As recently as yesterday over family dinner, my mother was telling me not to indulge in vacations this year as my daughter was getting into a crucial academic year. How she needed to stay focused and there was no room for such distractions. I was telling my mother how I felt the contrary. How a break would give that much-needed rest, relaxation and a renewed focus just before the next academic year begins. I said, “Remember ma, how we were taught in our primary years that all work and no play makes Jack a dull boy.”

My mother-in-law, also a teacher like my mother, smiled at me and recollected how when she said the same thing to her students, she was called by the Principal and questioned about it. The Principal was shocked how my mother-in-law was promoting the idea that all work makes students dull.

Somehow, somewhere, we’ve glorified the hustle culture and it begins from school and translates to the workplace.

A balance between the tortoise and hare

The good thing about both the tortoise and hare was that they were focused and determined to reach their goals. Specifically, we can learn consistency from the tortoise. How going slow but staying steady on course will help you eventually win the race of life. Keep moving like the tortoise.

We can learn to take a break or rest from the hare, which is equally important, no matter how crucial a task is.

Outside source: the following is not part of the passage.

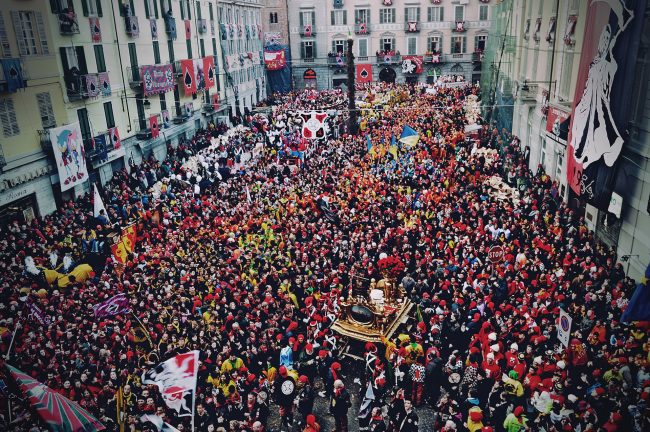 Carnevale a Ivrea in treno… conviene!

Life is not a competition and we should stop making it as one.

Adopting a middle-path approach of the tortoise’s consistency and the hare’s restful breaks is the key to sustainable success and a meaningful life.

So, what does that look like in everyday life?

A middle-path approach in your daily life would be to break up work into smaller bits. Think of a rabbit chipping away small bits delightedly from a big carrot. And working on them slowly and steadily with focus like the tortoise who keeps moving at an unrushed pace.

Please take a break like the hare which could be a power nap of 20-30 minutes during the day. Or an easy stroll after meals, meditating for a few minutes, reading a book of your choice, sipping on your chai or coffee, doing some simple stretches to move and relax your body, or simply picking up the phone and calling your loved ones to hear their voice that’ll brighten your day. I like how they’ve now come up with the term ‘glimmers’ to add magic to your day. It’s important to schedule glimmers in your day-to-day life.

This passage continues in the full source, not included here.